Many conservatives believe that the welfare-state is to blame. They believe that the number of Americans dependent on government, and looking for a handout, is what tipped the scales in favor of Obama. While I recognize that government dependency is certainly a serious concern, I don't think it's what ultimately made the difference in the election.
It's the division that made the difference. It's the demagoguery that made the difference. It's the distraction that made the difference.
I saw it working with people I know personally - people who I thought should know better. They wholeheartedly bought into the shiny pieces of foil thrown their way by the president and the media. I know women who actually believed that, if elected, Mitt Romney was going to take away their birth control pills. I know people who honestly believed that Mitt Romney was a racist.
It would have been humorous if the fate of the country wasn't at stake.
The trash that the president shoveled made a lot of people forget that the last four years ever happened. So much so that Obama was successfully able to run as a challenger and not a sitting president (with the media's help), thus escaping much of the accountability for the current state of the country. He played the Bush card for four straight years and it ended up remaining a winning hand. And of course, he's always had his glowing personality to charm the electorate into forgiving him.

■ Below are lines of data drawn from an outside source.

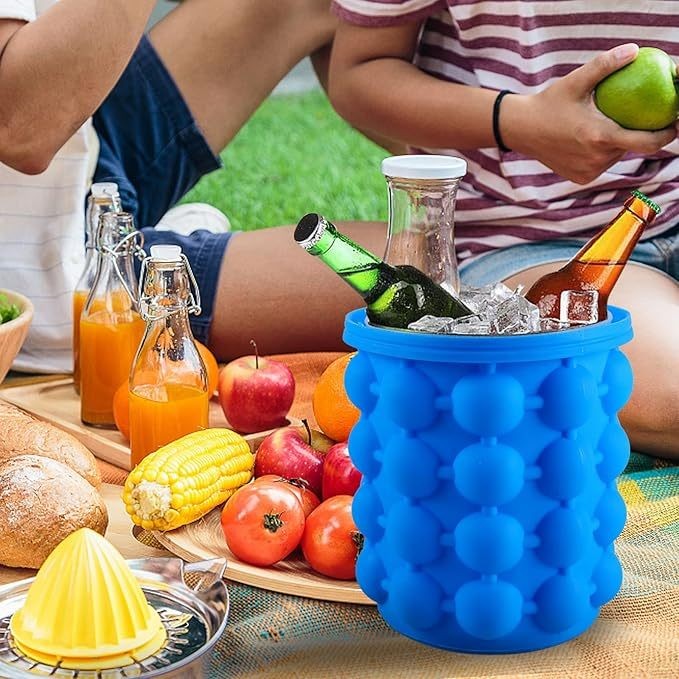 Mini Balde de Gelo Silicone Térmico Fazer Gelo Rápido Bebidas Prático Refrescantes Gelar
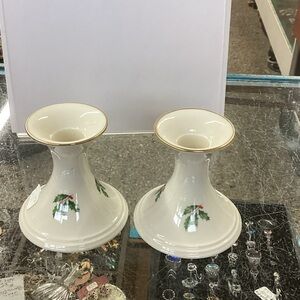 Lenox White Candle Holders with Gold Trim and Green Holly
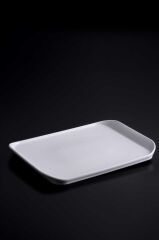 BEYAZ PORSELEN DİKDÖRTGEN KAYIK TABAK 31 CM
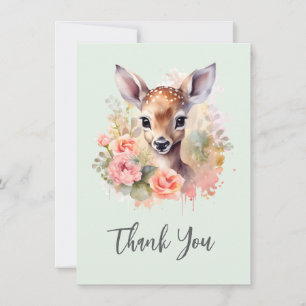 Cute Deer Surrounded By Roses Thank You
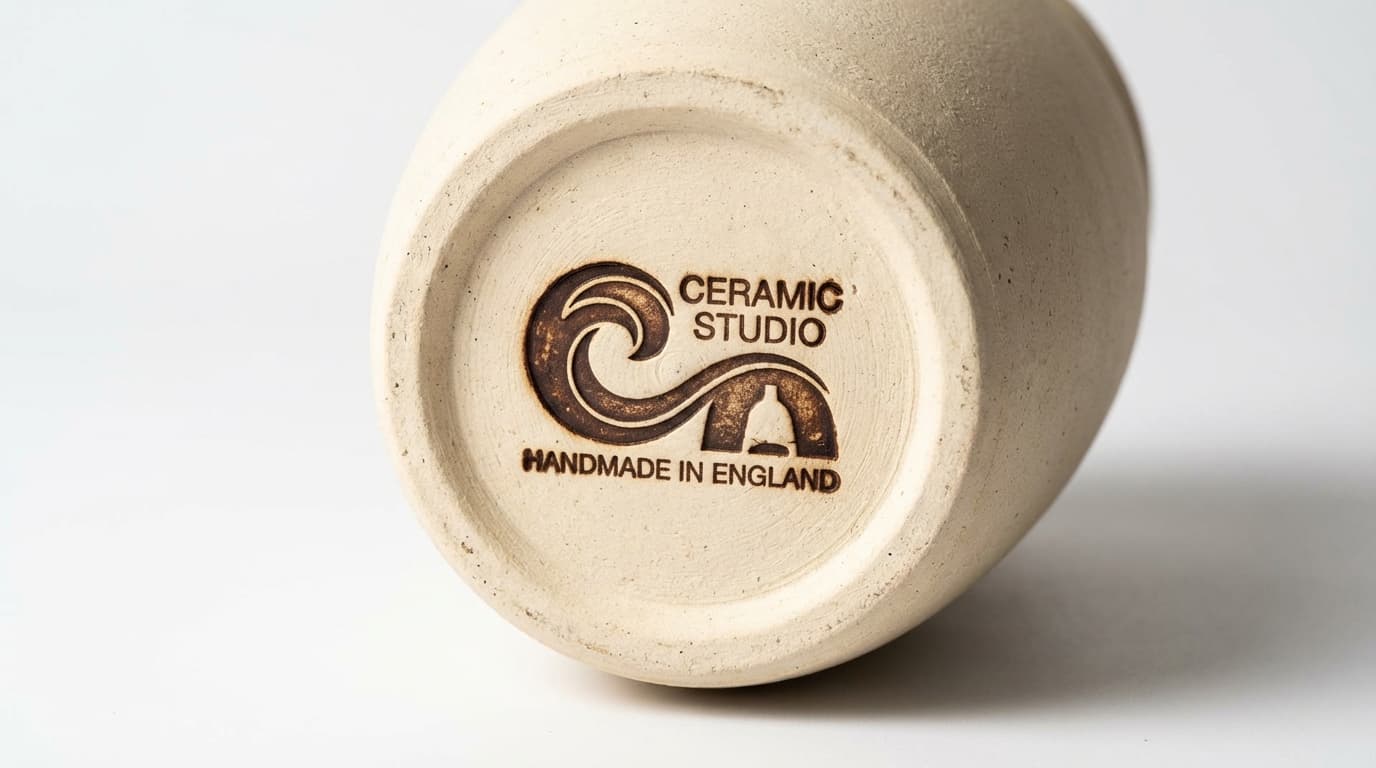 maker's mark stamped on the underside of a ceramic vase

So where are we at, now that President Obama has been re-elected?
Obama will most certainly interpret his victory, as narrow as it was, as a mandate. Sure, he'll talk about bipartisanship and reaching across the aisle again for a few weeks, but it won't lead anywhere. Re-election was a permission-slip for him to proceed with the same destructive policies he's been burying the country under for the past four years. Like in 2010, the 'sleeping giant' will be awoken once again. We'll see a resurgence of the Tea Party or a similar movement, probably around the time Obamacare is fully implemented. There will be loud public unrest in response to our freedoms being stripped away and our wealth disappearing. The president's approval ratings will tank again, and the division will continue. It will largely be a repeat of the first four years, only with much more borrowed money on the line.
The most disheartening thing about Obama's re-election is the reality that we invited this upon ourselves. We didn't know the real Obama in 2008. He was the cult of personality. He was the guy with the million dollar smile. But we know him now. And by rewarding miserable failure with another four years in office, we've wagered American exceptionalism, American solvency, and the American dream on a guy who has proven that he doesn't believe in any of those things.
As Reverand Jeremiah Wright famously said, "Our chickens have come home to roost."